I spent 4 hours marching from wat to wat, astounded that such heritage was plunked around the city, some ignored brick towers in the backyards of slums.
I started my tour at Wat Phra Mahathat and Wat Ratburana, across the street from each other, the former being home to a Buddha’s head statue around which a tree has grown – one of the most photographed sites in the city. Although the head is at knee level, an adjacent sign asks that you not stand taller than the head out of respect, and so visitors crouch and scrabble around on their knees.
I haven’t been to enough ancient grounds to know if it holds uniformly true, but it would seem that they would all exude the same powerful, solemn resonance as these did.
Ayuthaya’s geographical features are worth a mention as well. It’s surrounded on all sides by rivers and the joining and splitting of rivers, making a sort of island in the middle of flatlands.
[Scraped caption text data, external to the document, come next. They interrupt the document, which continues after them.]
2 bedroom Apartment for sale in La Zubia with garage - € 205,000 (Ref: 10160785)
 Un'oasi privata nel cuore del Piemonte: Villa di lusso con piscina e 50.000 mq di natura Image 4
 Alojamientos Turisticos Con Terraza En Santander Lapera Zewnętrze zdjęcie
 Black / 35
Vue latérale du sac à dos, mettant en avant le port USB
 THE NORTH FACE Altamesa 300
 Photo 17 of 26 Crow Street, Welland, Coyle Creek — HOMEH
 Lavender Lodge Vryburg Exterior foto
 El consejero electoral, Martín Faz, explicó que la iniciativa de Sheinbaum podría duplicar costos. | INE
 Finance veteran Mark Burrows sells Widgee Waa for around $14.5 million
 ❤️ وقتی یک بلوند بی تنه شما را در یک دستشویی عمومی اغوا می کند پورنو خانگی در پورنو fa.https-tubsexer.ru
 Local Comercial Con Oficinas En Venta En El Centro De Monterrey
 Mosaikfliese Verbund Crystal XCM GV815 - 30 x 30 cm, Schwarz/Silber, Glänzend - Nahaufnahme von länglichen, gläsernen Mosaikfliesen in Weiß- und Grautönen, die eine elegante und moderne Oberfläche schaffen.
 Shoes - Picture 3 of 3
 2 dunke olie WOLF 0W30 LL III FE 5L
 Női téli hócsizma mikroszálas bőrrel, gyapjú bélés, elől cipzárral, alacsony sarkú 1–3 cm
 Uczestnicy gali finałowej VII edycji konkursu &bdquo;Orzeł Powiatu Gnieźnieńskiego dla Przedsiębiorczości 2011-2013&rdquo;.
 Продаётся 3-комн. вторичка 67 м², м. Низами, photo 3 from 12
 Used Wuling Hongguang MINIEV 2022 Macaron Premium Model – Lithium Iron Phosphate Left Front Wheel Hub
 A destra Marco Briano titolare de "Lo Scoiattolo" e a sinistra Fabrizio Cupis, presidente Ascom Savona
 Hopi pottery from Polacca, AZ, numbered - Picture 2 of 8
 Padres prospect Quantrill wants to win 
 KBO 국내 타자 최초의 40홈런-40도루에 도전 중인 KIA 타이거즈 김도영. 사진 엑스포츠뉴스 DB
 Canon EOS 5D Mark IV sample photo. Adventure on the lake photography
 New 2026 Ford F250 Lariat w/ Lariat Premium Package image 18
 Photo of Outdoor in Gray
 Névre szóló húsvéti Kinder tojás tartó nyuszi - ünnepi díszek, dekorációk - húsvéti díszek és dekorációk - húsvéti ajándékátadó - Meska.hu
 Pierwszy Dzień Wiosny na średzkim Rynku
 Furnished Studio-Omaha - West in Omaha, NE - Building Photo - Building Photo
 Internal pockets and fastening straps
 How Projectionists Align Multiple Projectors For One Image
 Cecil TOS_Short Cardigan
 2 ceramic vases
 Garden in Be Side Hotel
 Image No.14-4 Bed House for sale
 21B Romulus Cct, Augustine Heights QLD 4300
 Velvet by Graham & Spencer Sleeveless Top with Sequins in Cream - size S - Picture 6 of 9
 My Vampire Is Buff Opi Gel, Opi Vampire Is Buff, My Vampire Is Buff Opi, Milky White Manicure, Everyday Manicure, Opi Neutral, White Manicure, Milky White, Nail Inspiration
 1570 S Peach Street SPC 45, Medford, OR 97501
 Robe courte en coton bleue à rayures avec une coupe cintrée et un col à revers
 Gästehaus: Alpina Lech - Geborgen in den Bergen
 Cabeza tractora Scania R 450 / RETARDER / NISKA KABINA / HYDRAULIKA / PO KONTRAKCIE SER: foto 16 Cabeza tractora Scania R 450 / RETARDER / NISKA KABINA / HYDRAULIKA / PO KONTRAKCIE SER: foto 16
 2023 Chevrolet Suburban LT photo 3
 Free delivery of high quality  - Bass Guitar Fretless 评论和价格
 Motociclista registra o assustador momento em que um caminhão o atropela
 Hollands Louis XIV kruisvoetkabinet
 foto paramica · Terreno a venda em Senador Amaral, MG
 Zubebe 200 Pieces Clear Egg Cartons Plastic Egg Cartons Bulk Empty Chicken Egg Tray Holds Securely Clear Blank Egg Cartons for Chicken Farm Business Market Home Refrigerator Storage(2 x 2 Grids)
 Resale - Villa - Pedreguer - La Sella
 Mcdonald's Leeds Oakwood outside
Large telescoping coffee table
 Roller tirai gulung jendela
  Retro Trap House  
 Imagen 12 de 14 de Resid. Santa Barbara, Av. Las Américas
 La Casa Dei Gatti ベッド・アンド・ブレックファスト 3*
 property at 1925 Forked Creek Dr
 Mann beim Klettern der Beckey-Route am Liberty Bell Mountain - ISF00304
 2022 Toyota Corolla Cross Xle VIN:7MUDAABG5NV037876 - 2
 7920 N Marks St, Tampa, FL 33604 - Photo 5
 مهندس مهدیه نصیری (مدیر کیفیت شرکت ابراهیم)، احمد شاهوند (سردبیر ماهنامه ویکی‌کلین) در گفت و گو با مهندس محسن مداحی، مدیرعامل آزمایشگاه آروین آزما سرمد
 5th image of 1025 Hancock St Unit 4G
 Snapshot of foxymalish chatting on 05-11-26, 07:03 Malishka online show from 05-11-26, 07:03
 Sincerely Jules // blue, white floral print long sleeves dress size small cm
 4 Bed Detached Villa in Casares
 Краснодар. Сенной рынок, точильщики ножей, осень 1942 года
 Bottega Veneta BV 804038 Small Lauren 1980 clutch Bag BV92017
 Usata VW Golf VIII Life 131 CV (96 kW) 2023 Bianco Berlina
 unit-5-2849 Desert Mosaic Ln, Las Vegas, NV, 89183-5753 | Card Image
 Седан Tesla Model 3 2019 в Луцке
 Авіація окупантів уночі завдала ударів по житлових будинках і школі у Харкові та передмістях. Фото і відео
My guesthouse, baan Khun Phra, sits on the bank of the Mae Nam Pa Sak, which meets the much larger Mae Nam Chao Phraya about 1km south. There are tugboats, longboats and little fishing sampans and every building on the channel’s edge has two entrances, one for foot traffic and one for water traffic.
Tomorrow I take the night train to Chiang Mai for a few months of blood.